> DIRECTIONS: Retype the whole listing exactly. Leave out pictures.

> RAW DATA:
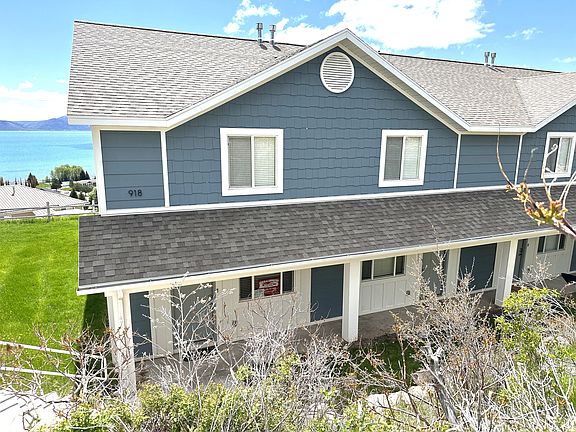 3rd image of 918 N Newberg Dr #4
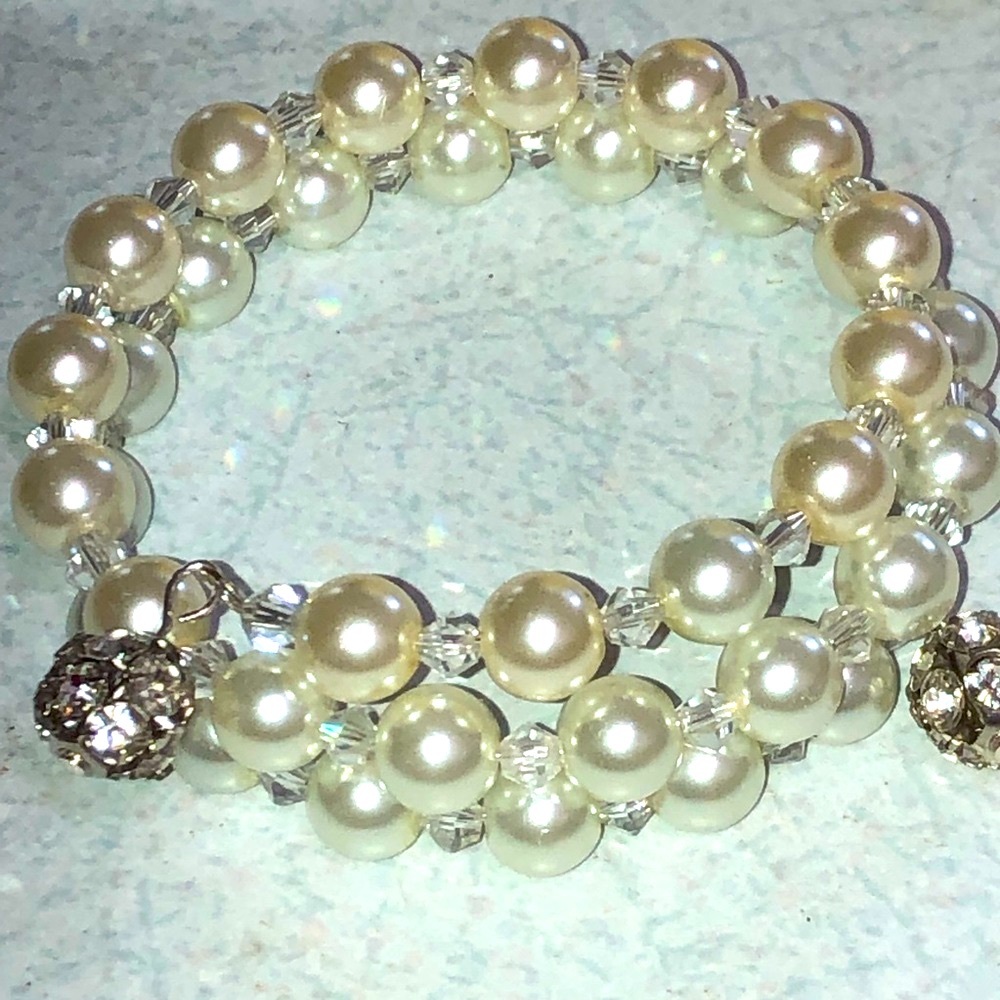 Beautiful faux pearl bracelet - Picture 2 of 2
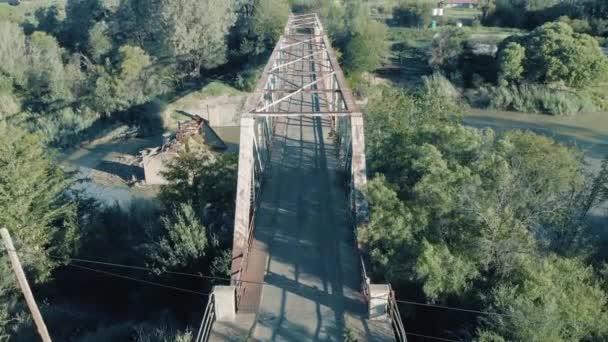 Aerial Shot Old Rusty Bridge Summer Day Green Trees Green — 비디오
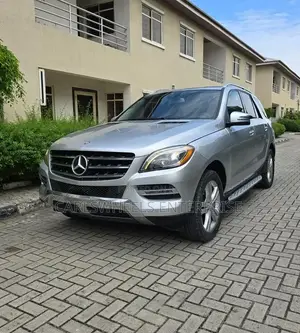 Mercedes-Benz M Class ML350 4MATIC 4dr SUV AWD (3.5L 6cyl 7A) 2014 Gray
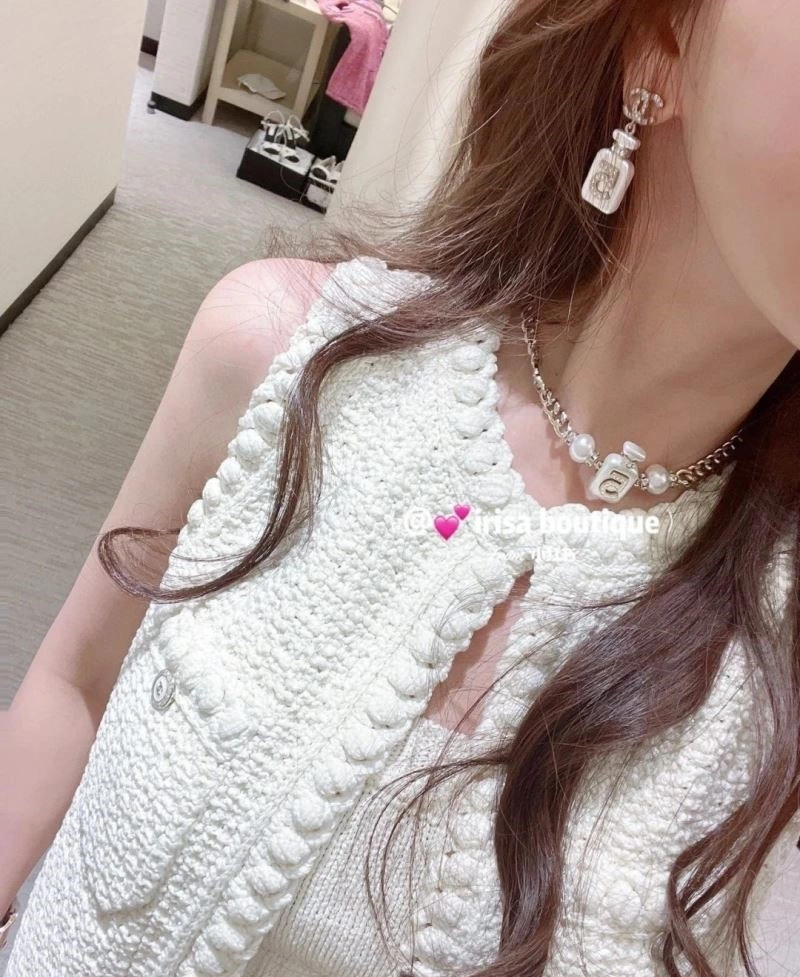 Chanel Earrings Packable 223979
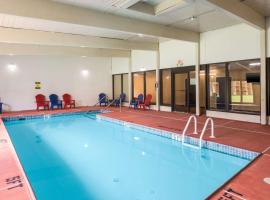 Fairmount Inn & Suites - Stroudsburg, Poconos, hotel v destinaci Delaware Water Gap
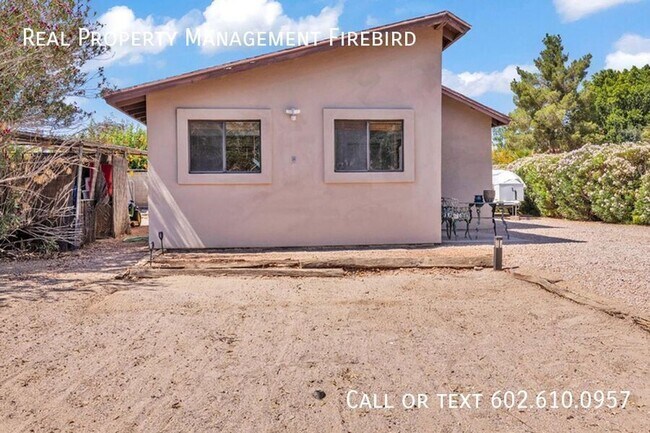 Building Photo - 548 E Palo Verde St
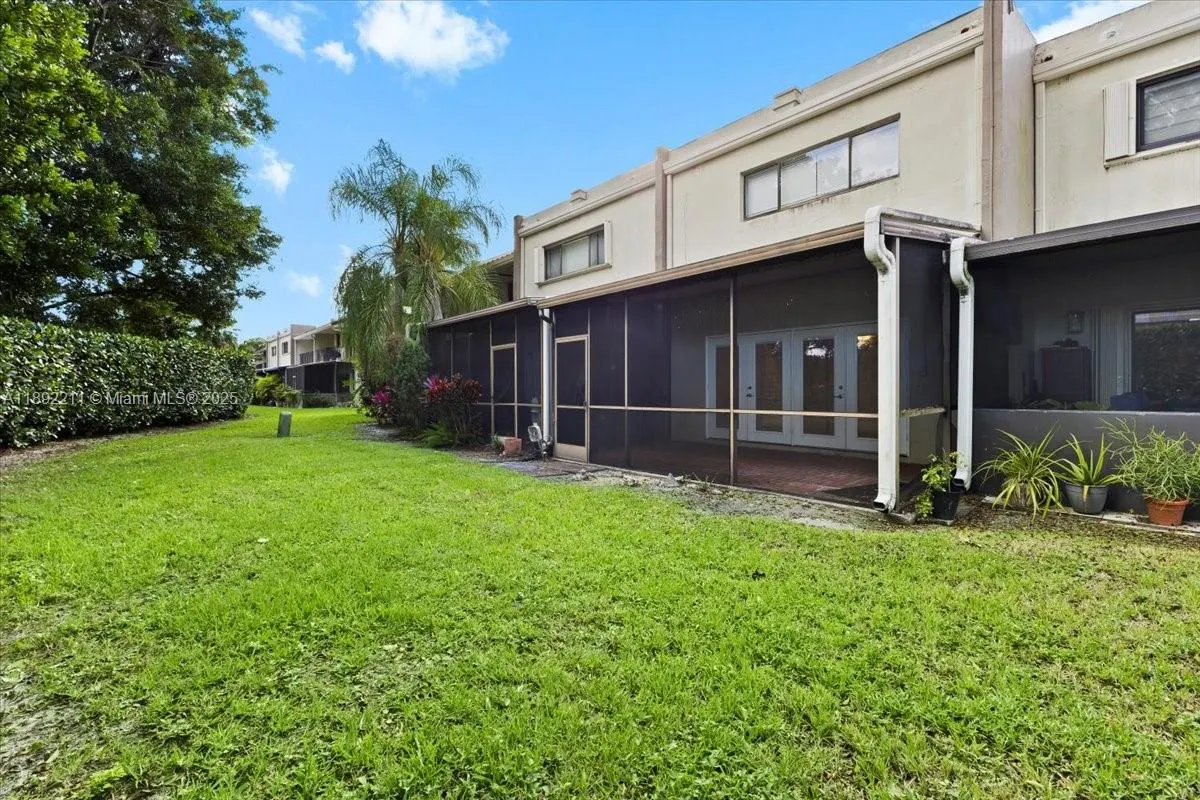281 Jacaranda Dr, #13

> THE ANSWER:
 3rd image of 918 N Newberg Dr #4
 Beautiful faux pearl bracelet - Picture 2 of 2
 Aerial Shot Old Rusty Bridge Summer Day Green Trees Green — 비디오
 Mercedes-Benz M Class ML350 4MATIC 4dr SUV AWD (3.5L 6cyl 7A) 2014 Gray
 Chanel Earrings Packable 223979
 Fairmount Inn & Suites - Stroudsburg, Poconos, hotel v destinaci Delaware Water Gap
 Building Photo - 548 E Palo Verde St
281 Jacaranda Dr, #13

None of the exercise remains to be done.